Advanced Switching Communications (Nasdaq: ASCX) closed its first day of public trading up 3 to 18, after pricing 6.3 million shares at $15, the top of its $13 to $15 range for trading Thursday.
The company makes products that enable telecommunications service providers to offer high speed, or broadband, services to end-users.
"These kind of infrastructure offerings have been strong," said Kenan Pollack of IPO Central, adding that infrastructure is one of the categories that may manage to escape the market doldrums in the PC and semiconductor categories.
Prior to 1999, Advanced Switching was a development stage company; it shipped its first product in March 1999. Like most young companies, it has racked up large debt. For the 6 months ended June 30, the company had a net loss of $9.09 million on revenue of $12.93 million, as opposed to a loss of $4.64 million on revenue of $402,000 for the same period in 1999. As of June 30, 2000 it had an accumulated deficit of $25.6 million.
Risks to investors include the company's dependence on a relatively small number of customers. For the year ended December 31, 1999, 2nd Century Communications and AccessLan accounted for 22 percent and 53 percent of revenue.

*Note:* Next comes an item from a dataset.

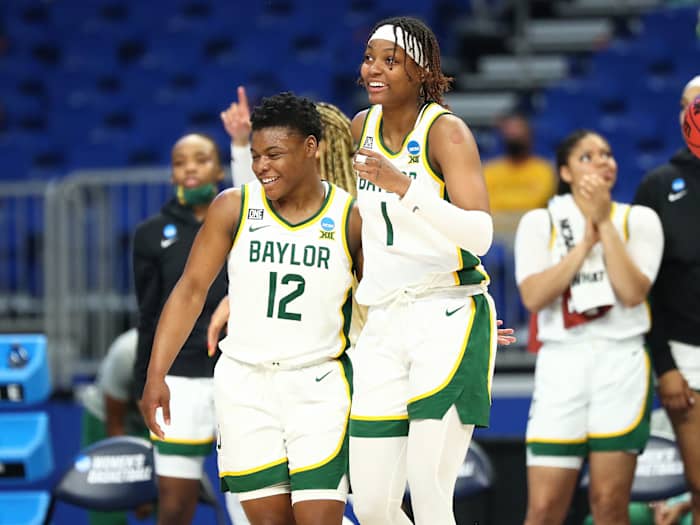 Baylor's Moon Ursin and NaLyssa Smith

They also accounted for 11 percent and 10 percent of revenue for the 6 months ended June 30, while Broadband Office accounted for 53 percent of revenue for that period.
Other risks include patent problems; the company said it its filings witht the SEC that it recently received a letter from Nortel Networks (NYSE: NT) alleging that one of its products infringes a Nortel patent relating to inverse multiplexing over ATM. The dispute could result in litigation, the company added.
Advanced Switching competes with large networking equipment companies such as Alcatel (NYSE: ALA), Cisco Systems (Nasdaq: CSCO), Lucent Technologies (NYSE: LU) and Nortel, as well as companies such as Accelerated Networks (Nasdaq: ACCL).